+++ Provided data +++

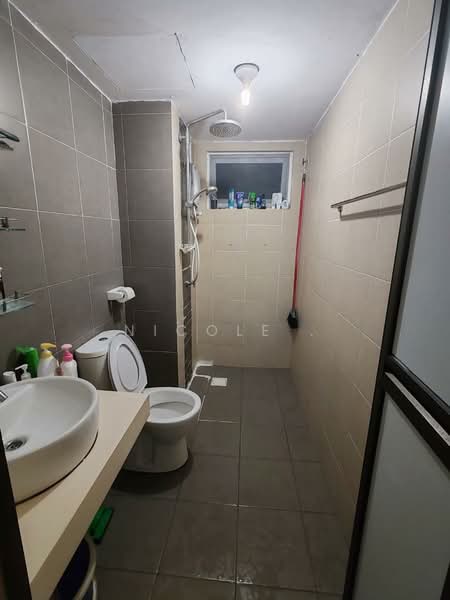 Kondominium untuk Dijual di First Residence (Residensi Unggul) - Nicole . - Bathroom - PropertyGuru.com.my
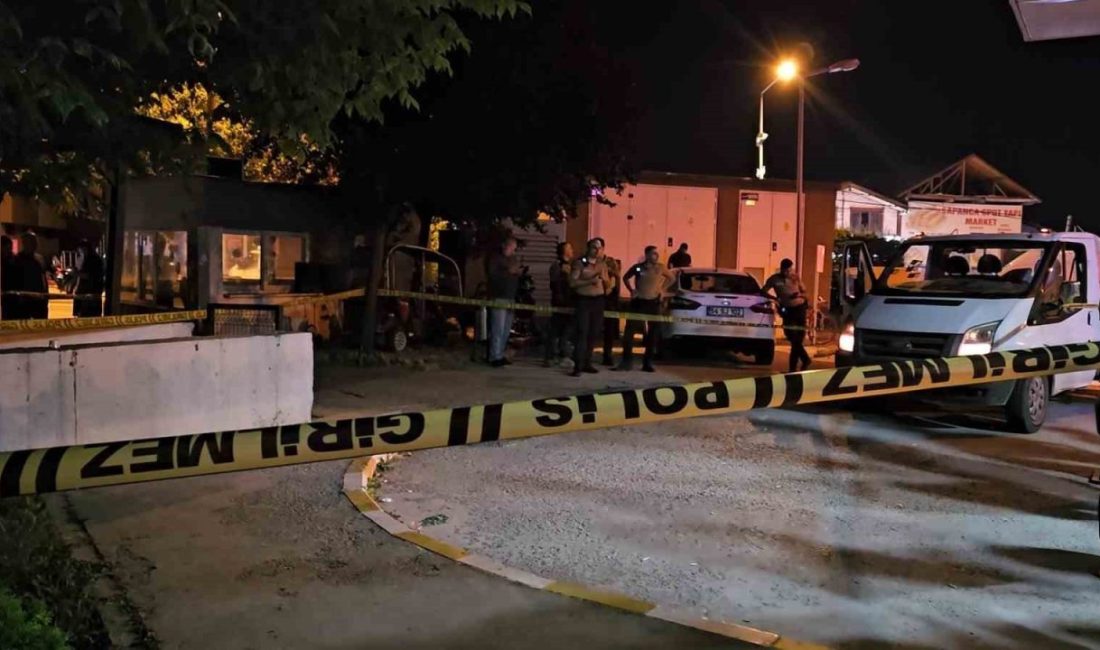 Sakarya’da hastane bahçesinde silahlı kavga: 1 ölü Sakarya’nın Sapanca ilçesinde hastane bahçesinde çıkan tartışmada silahla vurulan 50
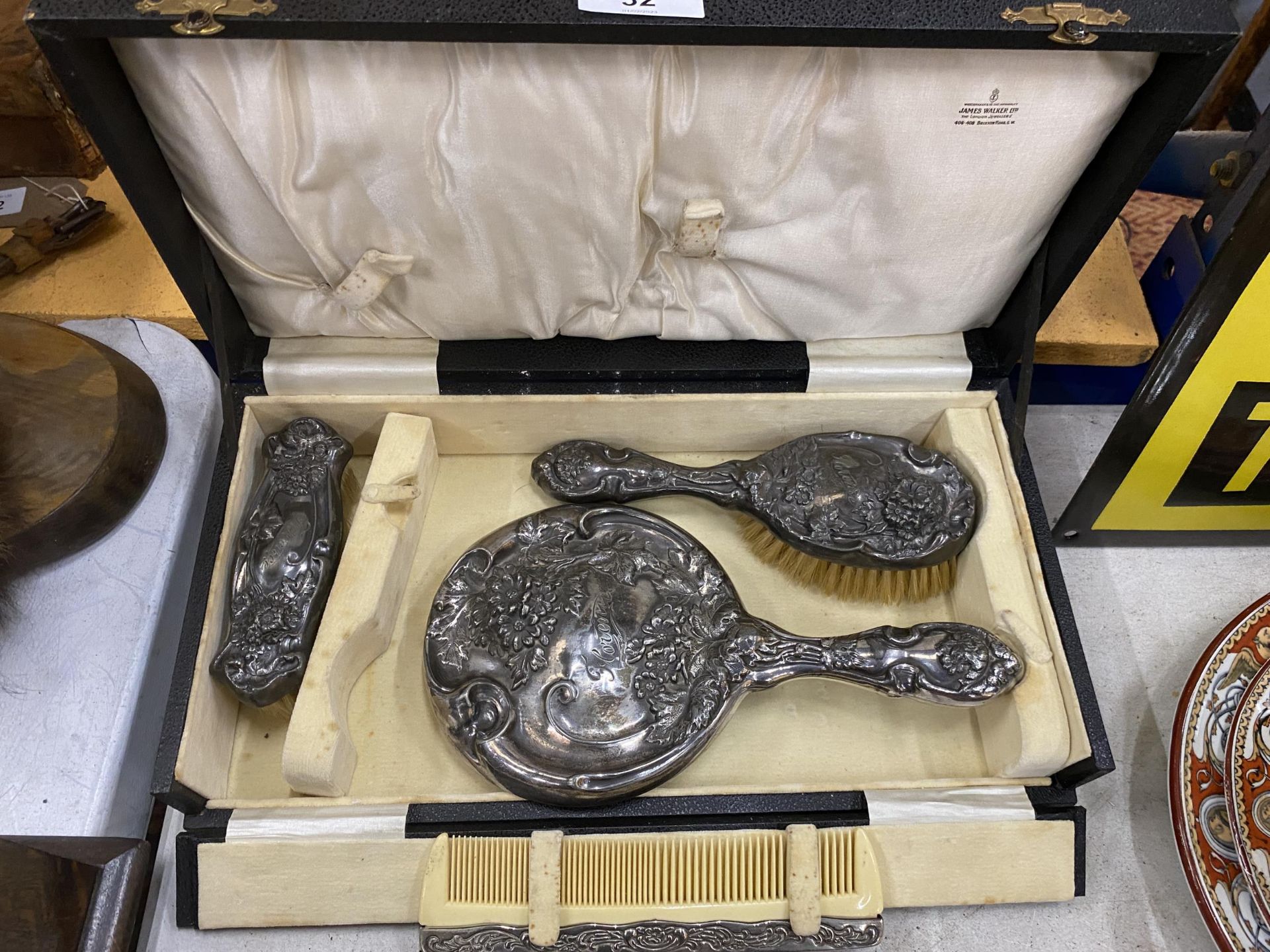 A CASED HOPE SILVER CO SILVER BACKED DRESSING TABLE SET - Image 2 of 4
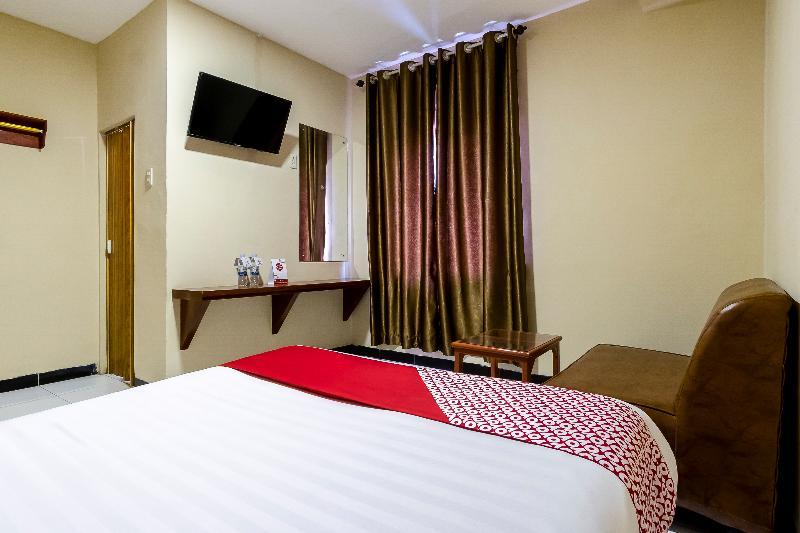 Urbanview Hotel Syariah Residence Medan By Reddoorz Esterno foto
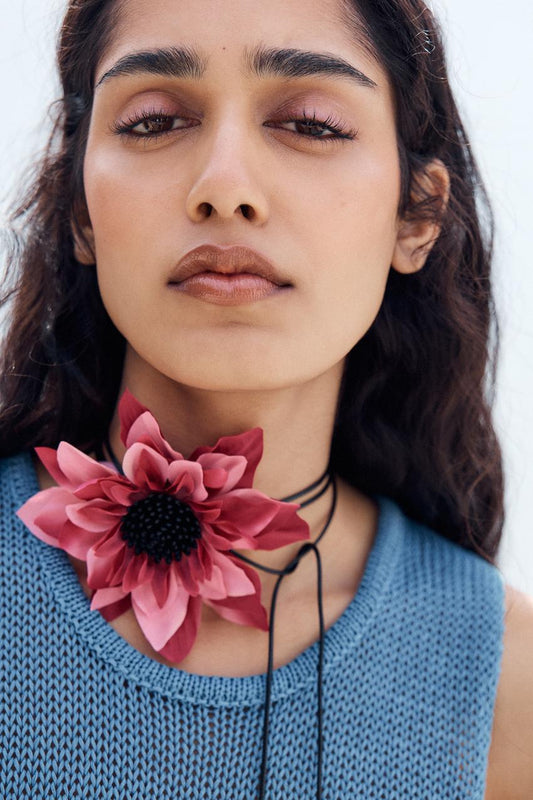 Midnight Dahlia Küpe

+++

- **Exercise aim**:
Could you restate exactly the lines from the line containing "A CASED HOPE" through the end of the listing, both ends included and nothing else, leaving the images out?

- **Answer to the exercise**:
 A CASED HOPE SILVER CO SILVER BACKED DRESSING TABLE SET - Image 2 of 4
 Urbanview Hotel Syariah Residence Medan By Reddoorz Esterno foto
 Midnight Dahlia Küpe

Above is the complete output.